It was also not surprising to see the headline net pricing balance still firmly in negative territory, although the slight increase to -24% in March from -27% in February ended a run of eight consecutive months of deterioration. Predictably, London and the South East continued to report the weakest sentiment with respect to house prices, with the relevant net balance in the South East deteriorating to its lowest level for a decade (-61%) . So, with official house prices having fallen in January for the second successive month to leave the annual rate of growth moderating to just 1.7%Y/Y, the softest pace since mid-2013, RICS suggested that continued modest declines in house prices at the national level might be expected over the next couple of quarters.

Euro area:
A quiet day for economic data from the euro area has seen the most notable new reports – final German and French CPI inflation data for March – released already. The German figures confirmed the flash estimates, which meant that, on the EU-harmonised measure, the annual rate dropped 0.3ppt to 1.4%Y/Y, the lowest since last April. The details on the national measure, which saw the headline rate of inflation fall 0.2ppt to 1.3%Y/Y, suggested that energy price inflation reversed the drop of the last few months and rose notably, to 4.2%Y/Y, while food prices and the core components provided negative contributions. The rate for the former halved to only 0.7%Y/Y, while core inflation declined by 0.3ppt to an eleven-month low of 1.1%Y/Y.

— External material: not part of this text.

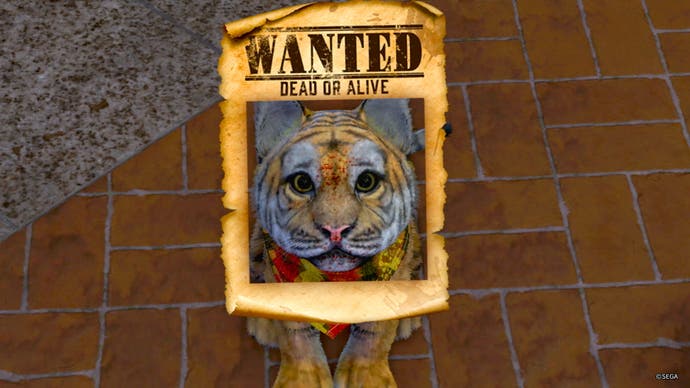 Like a Dragon: Pirate Yakuza in Hawaii screenshot showing a cute tiger cub in a comedy ‘Wanted’ phone camera filter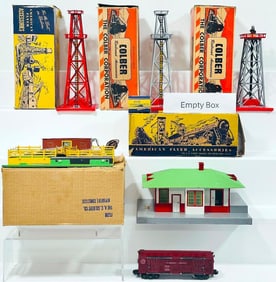 American Flyer Postwar S Gauge K771 Operating Stockyard Boxed/755 Talking Station/Colber 116 Beacon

In France, likewise, the flash estimate of 1.3%Y/Y on the EU-harmonised measure, down 0.3ppt from February and the lowest for thirteen months, was also confirmed. The CPI rate on the national measure dropped by 0.2ppt to 1.1%Y/Y. And the details echoed the patterns seen in the German data, with food and core inflation easing and energy prices accelerating. So, we fully expect that the final euro area figures, due next week, will confirm the flash estimates of 1.4%Y/Y for headline inflation and – most concerning for the ECB – just 0.8%Y/Y for the core measure. The ECB’s latest survey of professional forecasters is also due for release later this morning. And in the markets, Italy and Spain will sell bonds with a range of maturities.

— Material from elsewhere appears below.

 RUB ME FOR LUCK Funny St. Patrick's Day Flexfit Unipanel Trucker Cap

There were no major surprises from yesterday’s ECB announcements. For example, there was no amendment made to the Governing Council’s forward guidance on interest rates, which are still expected to remain unchanged “at least through the end of 2019”. Its forward guidance on reinvestments of principal payments from maturing securities held under its asset purchase programme was also unchanged, with those proceeds to be reinvested in full “for an extended period of time past the date when it starts raising the key ECB interest rates”. Nevertheless, Draghi was still in dovish mode. And, acknowledging that the risks to the economic outlook remain skewed to the downside, Draghi insisted that all policy options – by implication including rate cuts and a resumption of net asset purchases as well as mere revision to forward guidance – remained on the table should the economic outlook demand further stimulus.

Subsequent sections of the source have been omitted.